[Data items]
------------
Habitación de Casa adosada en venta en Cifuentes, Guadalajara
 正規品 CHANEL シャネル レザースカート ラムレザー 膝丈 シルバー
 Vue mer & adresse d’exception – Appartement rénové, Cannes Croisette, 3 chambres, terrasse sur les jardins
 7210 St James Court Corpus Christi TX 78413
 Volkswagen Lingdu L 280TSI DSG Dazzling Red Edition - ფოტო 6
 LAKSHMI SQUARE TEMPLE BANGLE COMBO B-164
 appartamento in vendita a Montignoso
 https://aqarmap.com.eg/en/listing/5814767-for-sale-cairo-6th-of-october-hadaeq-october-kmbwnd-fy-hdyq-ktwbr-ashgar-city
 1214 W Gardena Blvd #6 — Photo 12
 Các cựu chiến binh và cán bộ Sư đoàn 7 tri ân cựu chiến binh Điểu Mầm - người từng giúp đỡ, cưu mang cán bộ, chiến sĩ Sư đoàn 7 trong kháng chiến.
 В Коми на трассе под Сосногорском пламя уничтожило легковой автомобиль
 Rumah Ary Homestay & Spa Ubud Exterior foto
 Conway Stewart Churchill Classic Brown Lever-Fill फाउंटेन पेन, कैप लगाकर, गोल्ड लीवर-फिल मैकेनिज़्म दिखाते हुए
------------
What is required
Put down all the data once more, exactly as it appears above.

Answer space
Habitación de Casa adosada en venta en Cifuentes, Guadalajara
 正規品 CHANEL シャネル レザースカート ラムレザー 膝丈 シルバー
 Vue mer & adresse d’exception – Appartement rénové, Cannes Croisette, 3 chambres, terrasse sur les jardins
 7210 St James Court Corpus Christi TX 78413
 Volkswagen Lingdu L 280TSI DSG Dazzling Red Edition - ფოტო 6
 LAKSHMI SQUARE TEMPLE BANGLE COMBO B-164
 appartamento in vendita a Montignoso
 https://aqarmap.com.eg/en/listing/5814767-for-sale-cairo-6th-of-october-hadaeq-october-kmbwnd-fy-hdyq-ktwbr-ashgar-city
 1214 W Gardena Blvd #6 — Photo 12
 Các cựu chiến binh và cán bộ Sư đoàn 7 tri ân cựu chiến binh Điểu Mầm - người từng giúp đỡ, cưu mang cán bộ, chiến sĩ Sư đoàn 7 trong kháng chiến.
 В Коми на трассе под Сосногорском пламя уничтожило легковой автомобиль
 Rumah Ary Homestay & Spa Ubud Exterior foto
 Conway Stewart Churchill Classic Brown Lever-Fill फाउंटेन पेन, कैप लगाकर, गोल्ड लीवर-फिल मैकेनिज़्म दिखाते हुए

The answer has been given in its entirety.